§ Directions
With pictures omitted, restate the data word for word.

§ Data segment
--------------------------------------------------

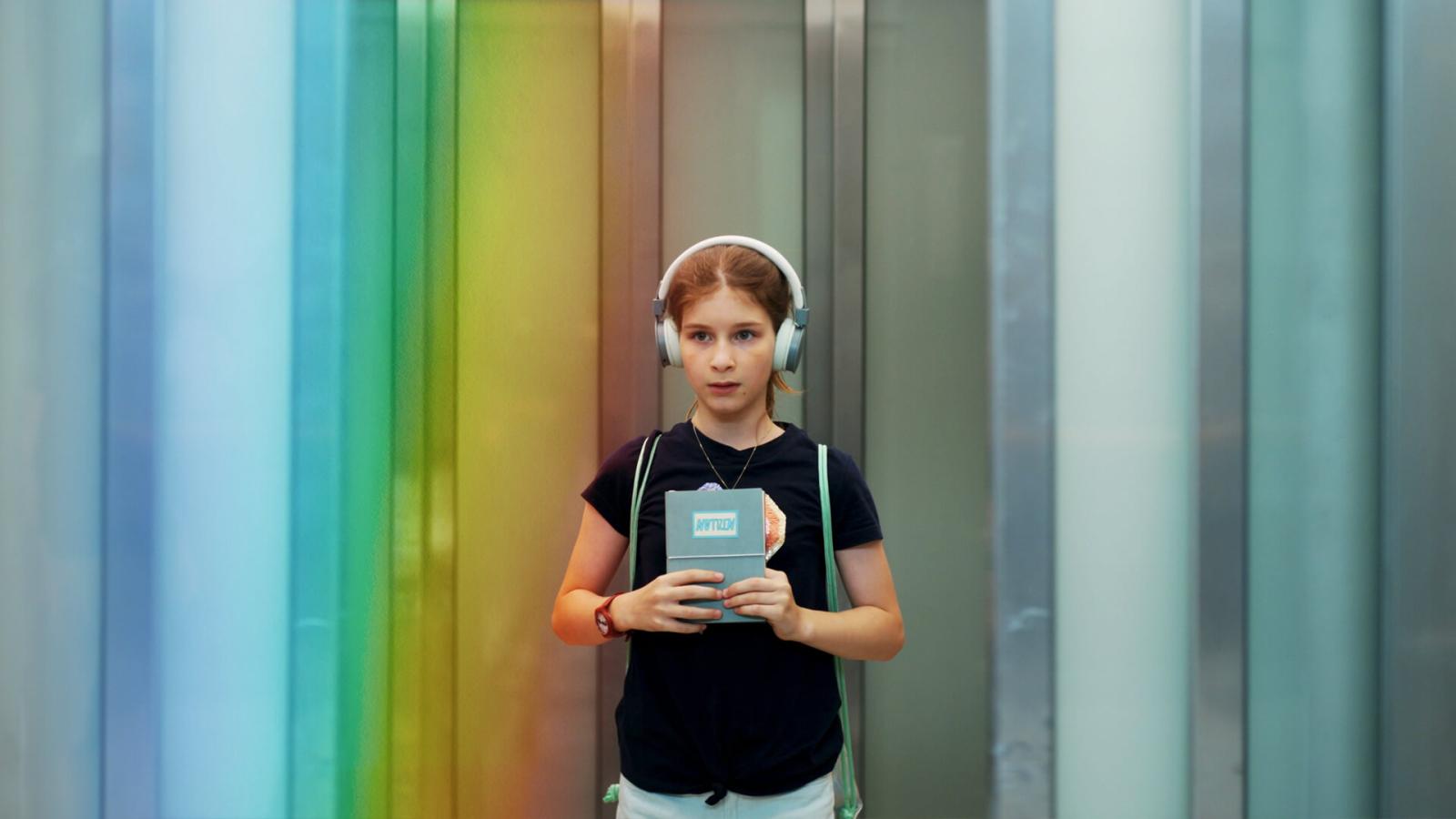 Gong - autism is a rainbow mind in a world of straight lines 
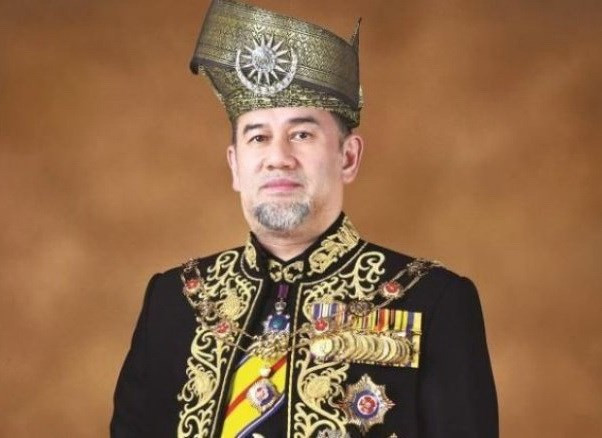 Rey malasio reduce voluntariamente su salario para controlar deudas estatales ảnh 1 Rey malasio reduce voluntariamente su salario para controlar deudas estatales ảnh 1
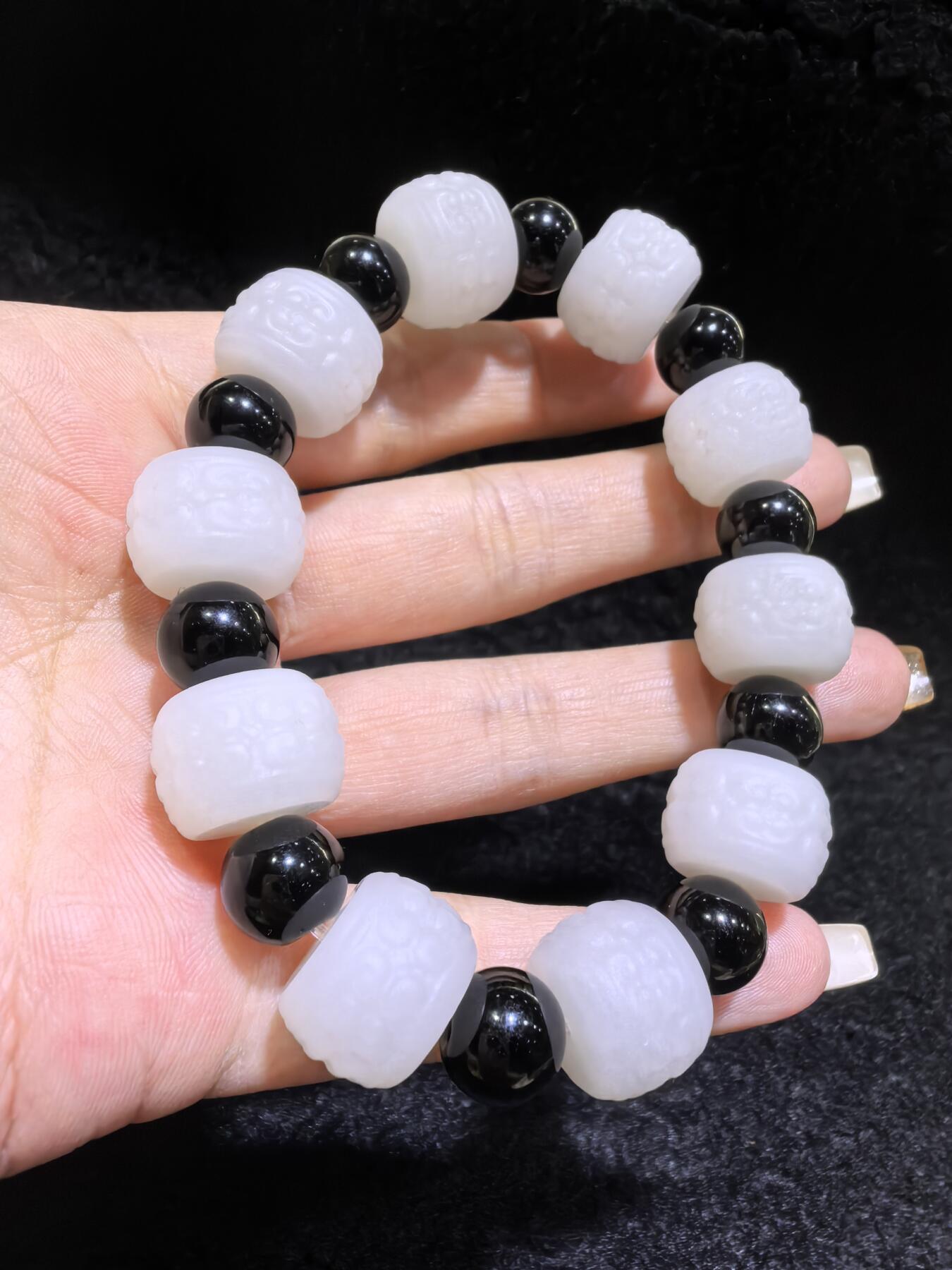 新疆和田一级白手串佛珠男款，精雕祥云纹，脂粉足，个别珠微结构，配饰为黑曜石，尺寸：1.5cm*1.1cm 克重：61.6g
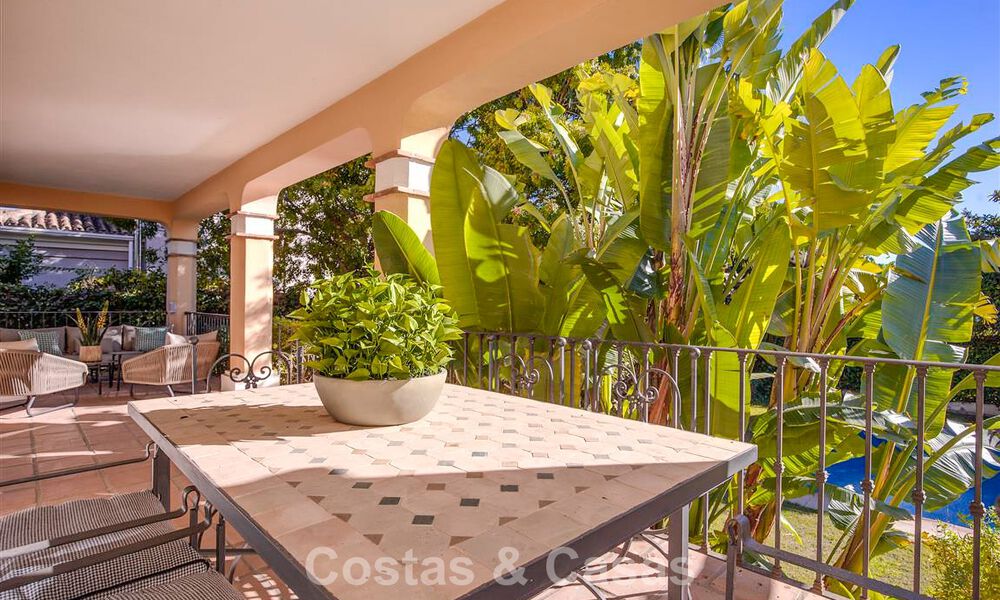 Mediterrane villa te koop op loopafstand van het strand en voorzieningen in Guadalmina Baja - San Pedro, Marbella 777469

--------------------------------------------------

§ Problem solution
 Gong - autism is a rainbow mind in a world of straight lines 
 Rey malasio reduce voluntariamente su salario para controlar deudas estatales ảnh 1 Rey malasio reduce voluntariamente su salario para controlar deudas estatales ảnh 1
 新疆和田一级白手串佛珠男款，精雕祥云纹，脂粉足，个别珠微结构，配饰为黑曜石，尺寸：1.5cm*1.1cm 克重：61.6g
 Mediterrane villa te koop op loopafstand van het strand en voorzieningen in Guadalmina Baja - San Pedro, Marbella 777469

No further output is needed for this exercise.